Il est remarquable que trois ans plus tard Staline appliqua la propre conception des menchéviks, mot pour mot, lettre pour lettre, à la révolution bourgeoise-démocratique chinoise et, plus tard, avec un cynisme infiniment plus grand, à la révolution espagnole de 1936-1939. Un renversement aussi total aurait été entièrement impossible si Staline s'était vraiment assimilé et avait pleinement compris la conception léniniste de la révolution. Mais ce que Staline s'est assimilé, c'est simplement la conception léniniste de l'appareil d'un parti centralisé. Dès qu'il l'eut réalisé, il oublia qu'elle découlait de considérations théoriques, sa base programmatique devint pour lui dénuée d'importance et en accord avec son propre passé, sa propre origine sociale, son éducation, il fut naturellement porté vers une conception petite-bourgeoise, vers l'opportunisme, vers le compromis. En 1917, il n'avait pas réussi à réaliser la fusion avec les menchéviks uniquement parce que Lénine ne le lui avait pas permis; dans la révolution chinoise, il mit en uvre la conception menchéviste sous le drapeau du bolchévisme; il appliquait strictement le programme menchéviste, mais avec des méthodes bolchévistes, c'est-à-dire au moyen d'un appareil politique centralisé qui, pour lui, est l'essence du bolchévisme. Beaucoup plus savamment, et avec une parfaite efficacité finalement mortelle, il fit la même politique dans la révolution espagnole.
Ainsi, si l'article de Staline sur Lénine, qui a été réimprimé souvent et dans toutes les langues, n'était qu'une analyse banale de son sujet, il nous donne la clé de la nature politique de son auteur. Il contient même des lignes qui, en un certain sens, sont autobiographiques : « Il arriva plus d'une fois que nos propres camarades (pas seulement les menchéviks) accusèrent le camarade Lénine d'être exagérément enclin aux polémiques et aux scissions dans sa lutte irréconciliable, contre les conciliateurs... Il n'y a pas de doute que les unes et les autres eurent lieu en leur temps. » En 1920, Staline considérait toujours Lénine comme exagérément enclin aux polémiques et aux scissions comme il le pensait en 1913. De plus, il justifiait cette tendance de Lénine sans démontrer la fausseté des accusations portées contre lui.
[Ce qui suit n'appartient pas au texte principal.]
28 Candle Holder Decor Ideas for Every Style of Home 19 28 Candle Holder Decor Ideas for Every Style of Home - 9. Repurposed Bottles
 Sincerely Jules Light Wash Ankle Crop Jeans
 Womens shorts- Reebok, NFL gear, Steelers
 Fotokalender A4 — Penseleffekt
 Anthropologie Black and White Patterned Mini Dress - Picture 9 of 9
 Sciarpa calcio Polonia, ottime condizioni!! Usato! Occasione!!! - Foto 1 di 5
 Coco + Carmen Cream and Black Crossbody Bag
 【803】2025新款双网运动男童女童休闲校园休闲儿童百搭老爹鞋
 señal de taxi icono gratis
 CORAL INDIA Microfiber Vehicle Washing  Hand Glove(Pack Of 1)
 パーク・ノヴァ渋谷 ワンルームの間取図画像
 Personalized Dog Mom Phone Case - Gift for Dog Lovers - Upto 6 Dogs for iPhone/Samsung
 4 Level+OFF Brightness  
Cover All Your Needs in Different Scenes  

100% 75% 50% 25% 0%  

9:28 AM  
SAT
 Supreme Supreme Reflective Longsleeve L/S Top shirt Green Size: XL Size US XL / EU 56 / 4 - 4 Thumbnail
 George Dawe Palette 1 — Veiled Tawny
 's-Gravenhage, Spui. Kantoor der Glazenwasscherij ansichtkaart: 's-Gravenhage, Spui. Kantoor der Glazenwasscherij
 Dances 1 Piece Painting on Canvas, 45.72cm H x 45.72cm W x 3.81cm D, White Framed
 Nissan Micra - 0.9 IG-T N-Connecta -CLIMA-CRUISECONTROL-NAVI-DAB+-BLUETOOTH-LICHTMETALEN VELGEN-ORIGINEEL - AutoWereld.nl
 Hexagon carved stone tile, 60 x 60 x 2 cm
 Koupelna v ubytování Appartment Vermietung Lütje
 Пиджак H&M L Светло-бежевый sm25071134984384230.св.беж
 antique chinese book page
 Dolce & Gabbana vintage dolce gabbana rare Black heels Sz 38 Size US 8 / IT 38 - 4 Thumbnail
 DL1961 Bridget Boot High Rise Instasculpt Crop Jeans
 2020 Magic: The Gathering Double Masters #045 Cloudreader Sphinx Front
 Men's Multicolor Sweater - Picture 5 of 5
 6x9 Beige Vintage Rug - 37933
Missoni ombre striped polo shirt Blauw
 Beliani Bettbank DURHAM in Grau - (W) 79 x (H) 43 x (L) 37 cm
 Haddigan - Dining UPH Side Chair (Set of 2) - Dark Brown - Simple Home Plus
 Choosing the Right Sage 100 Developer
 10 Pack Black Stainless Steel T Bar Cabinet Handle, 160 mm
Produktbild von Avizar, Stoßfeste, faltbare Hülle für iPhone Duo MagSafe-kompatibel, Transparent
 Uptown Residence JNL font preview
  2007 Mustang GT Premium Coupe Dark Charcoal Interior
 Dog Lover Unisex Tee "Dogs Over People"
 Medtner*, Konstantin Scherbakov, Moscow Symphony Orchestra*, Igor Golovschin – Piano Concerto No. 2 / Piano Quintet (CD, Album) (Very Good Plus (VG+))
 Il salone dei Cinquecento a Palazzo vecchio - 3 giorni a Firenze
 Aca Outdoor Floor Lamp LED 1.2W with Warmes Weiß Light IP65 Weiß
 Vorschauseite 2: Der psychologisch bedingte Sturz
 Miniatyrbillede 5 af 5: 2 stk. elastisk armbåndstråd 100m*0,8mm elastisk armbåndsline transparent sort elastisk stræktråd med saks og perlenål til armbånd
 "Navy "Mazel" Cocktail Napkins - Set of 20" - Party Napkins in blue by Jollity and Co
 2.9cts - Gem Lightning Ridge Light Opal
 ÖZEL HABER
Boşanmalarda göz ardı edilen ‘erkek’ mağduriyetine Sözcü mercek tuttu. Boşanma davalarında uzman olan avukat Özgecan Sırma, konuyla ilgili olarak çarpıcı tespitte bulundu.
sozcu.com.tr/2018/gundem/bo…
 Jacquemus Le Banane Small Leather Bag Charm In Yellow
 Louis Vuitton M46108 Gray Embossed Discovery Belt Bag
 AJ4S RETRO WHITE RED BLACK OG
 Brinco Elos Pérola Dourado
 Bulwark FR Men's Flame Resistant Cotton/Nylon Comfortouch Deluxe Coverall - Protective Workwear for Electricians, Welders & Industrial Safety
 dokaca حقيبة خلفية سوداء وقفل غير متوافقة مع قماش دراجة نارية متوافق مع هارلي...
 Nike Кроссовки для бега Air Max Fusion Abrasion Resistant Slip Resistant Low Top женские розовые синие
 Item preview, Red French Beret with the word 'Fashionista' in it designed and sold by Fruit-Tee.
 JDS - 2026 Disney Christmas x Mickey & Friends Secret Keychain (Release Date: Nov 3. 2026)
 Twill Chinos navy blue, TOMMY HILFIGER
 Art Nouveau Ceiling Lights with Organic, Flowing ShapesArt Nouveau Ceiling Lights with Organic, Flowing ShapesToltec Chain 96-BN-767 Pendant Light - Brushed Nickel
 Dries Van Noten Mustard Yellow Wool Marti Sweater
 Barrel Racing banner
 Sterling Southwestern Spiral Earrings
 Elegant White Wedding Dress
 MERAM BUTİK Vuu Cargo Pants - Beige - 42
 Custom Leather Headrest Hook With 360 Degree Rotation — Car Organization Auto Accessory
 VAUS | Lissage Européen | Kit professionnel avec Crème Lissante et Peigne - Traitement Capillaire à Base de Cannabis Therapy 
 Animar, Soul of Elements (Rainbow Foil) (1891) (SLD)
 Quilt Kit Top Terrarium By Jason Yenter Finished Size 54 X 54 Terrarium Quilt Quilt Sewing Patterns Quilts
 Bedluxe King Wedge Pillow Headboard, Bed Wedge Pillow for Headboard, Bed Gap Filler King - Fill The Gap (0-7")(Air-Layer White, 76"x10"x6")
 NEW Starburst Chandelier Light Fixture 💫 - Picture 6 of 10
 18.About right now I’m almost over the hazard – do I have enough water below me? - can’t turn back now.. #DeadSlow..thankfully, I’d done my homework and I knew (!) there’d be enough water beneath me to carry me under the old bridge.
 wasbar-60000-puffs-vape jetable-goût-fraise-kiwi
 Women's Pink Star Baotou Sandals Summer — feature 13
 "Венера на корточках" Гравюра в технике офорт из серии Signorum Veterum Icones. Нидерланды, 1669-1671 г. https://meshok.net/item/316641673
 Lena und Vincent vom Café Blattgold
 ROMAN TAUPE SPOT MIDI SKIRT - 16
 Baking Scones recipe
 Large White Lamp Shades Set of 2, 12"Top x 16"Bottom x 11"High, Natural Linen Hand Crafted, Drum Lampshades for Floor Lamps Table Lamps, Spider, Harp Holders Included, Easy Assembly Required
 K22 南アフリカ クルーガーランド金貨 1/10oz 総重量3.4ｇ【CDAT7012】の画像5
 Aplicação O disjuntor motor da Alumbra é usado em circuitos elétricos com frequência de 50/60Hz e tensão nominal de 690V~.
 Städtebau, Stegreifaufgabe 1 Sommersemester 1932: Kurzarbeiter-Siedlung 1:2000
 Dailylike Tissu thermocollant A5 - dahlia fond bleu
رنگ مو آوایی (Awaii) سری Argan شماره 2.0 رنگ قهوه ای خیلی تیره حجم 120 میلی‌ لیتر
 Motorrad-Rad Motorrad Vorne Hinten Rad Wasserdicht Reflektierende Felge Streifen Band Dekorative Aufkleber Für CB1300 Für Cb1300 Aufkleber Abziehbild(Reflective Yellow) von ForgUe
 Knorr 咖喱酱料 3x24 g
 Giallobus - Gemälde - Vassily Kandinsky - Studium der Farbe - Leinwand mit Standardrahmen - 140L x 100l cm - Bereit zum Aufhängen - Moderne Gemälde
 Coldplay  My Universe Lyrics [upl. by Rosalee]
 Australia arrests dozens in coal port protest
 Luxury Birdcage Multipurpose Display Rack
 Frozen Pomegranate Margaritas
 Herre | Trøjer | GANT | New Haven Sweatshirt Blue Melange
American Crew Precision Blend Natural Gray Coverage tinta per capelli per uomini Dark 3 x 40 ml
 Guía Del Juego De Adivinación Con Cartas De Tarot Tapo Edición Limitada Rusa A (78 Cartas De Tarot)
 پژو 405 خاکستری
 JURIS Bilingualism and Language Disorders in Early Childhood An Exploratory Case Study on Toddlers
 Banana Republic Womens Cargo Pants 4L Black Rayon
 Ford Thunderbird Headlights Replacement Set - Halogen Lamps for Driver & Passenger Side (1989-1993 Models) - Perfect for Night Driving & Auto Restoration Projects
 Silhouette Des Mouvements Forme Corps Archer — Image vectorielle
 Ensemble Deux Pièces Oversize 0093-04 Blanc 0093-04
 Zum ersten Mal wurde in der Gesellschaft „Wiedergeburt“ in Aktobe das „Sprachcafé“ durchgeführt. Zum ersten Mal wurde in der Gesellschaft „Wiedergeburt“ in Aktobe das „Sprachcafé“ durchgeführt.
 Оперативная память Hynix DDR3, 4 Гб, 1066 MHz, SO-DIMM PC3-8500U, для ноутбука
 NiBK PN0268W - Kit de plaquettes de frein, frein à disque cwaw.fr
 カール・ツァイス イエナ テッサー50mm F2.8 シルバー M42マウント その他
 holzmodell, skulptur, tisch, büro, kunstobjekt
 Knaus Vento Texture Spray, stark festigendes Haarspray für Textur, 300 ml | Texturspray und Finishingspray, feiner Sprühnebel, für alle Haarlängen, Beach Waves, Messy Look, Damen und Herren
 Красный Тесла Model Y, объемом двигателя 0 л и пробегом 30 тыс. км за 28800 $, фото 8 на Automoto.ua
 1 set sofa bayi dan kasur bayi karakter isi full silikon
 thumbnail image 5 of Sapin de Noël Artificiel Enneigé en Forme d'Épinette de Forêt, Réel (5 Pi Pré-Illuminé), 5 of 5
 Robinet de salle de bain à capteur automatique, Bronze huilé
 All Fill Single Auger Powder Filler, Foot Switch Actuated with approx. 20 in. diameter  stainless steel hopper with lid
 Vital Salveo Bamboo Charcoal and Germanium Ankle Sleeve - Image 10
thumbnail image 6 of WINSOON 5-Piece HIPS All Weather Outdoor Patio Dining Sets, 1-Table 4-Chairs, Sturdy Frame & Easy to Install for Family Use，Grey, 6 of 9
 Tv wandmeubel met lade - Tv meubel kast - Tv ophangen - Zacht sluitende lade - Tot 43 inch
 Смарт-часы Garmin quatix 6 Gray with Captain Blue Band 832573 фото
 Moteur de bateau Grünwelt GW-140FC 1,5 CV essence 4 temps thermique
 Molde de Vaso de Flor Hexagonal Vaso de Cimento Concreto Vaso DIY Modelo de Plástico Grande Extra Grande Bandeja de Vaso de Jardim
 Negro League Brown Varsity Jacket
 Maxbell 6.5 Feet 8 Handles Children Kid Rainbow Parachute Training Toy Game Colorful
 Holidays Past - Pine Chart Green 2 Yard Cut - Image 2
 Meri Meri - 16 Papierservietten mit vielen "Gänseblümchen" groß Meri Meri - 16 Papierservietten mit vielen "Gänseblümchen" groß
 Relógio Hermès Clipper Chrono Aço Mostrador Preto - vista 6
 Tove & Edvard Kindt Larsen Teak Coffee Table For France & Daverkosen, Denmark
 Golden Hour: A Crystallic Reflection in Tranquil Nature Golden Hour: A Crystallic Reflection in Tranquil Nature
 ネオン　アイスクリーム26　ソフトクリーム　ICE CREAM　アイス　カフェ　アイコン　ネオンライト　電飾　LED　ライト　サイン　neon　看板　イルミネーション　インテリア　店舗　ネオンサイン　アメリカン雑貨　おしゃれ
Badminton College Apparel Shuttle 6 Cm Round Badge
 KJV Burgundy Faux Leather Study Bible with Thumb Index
Quand Lénine eut sa première attaque, le public, y compris celui de la Russie des Soviets, fut incité à croire que sa maladie n'était pas grave et qu'il pourrait bientôt reprendre son travail : il avait une ténacité de dogue et venait seulement de passer la cinquantaine. Au début, les, membres du Bureau politique partagèrent sincèrement cette conviction. Ils ne se préoccupèrent pas de détromper le public, ni même les ouvriers et paysans soviétiques ou les militants du rang quand, plus tard, il devint clair que ce n'était qu'un vain espoir, le mal était sérieux. Avec Lénine éloigné temporairement par la maladie, on considérait comme allant de soi que le Bureau politique devrait continuer sa tâche. Bien que pour le public en général, Trotsky semblât être le successeur tout indiqué de Lénine, et bien que les plus jeunes membres du Parti partageassent cette vue, les timoniers de l'appareil ne voyaient pas le successeur, soit dans Trotsky, soit dans tout autre membre du Bureau politique. La seule chose concevable, pensaient-ils, était la constitution d'un directoire formé des dirigeants du Parti, des membres titulaires et suppléants du Bureau politique.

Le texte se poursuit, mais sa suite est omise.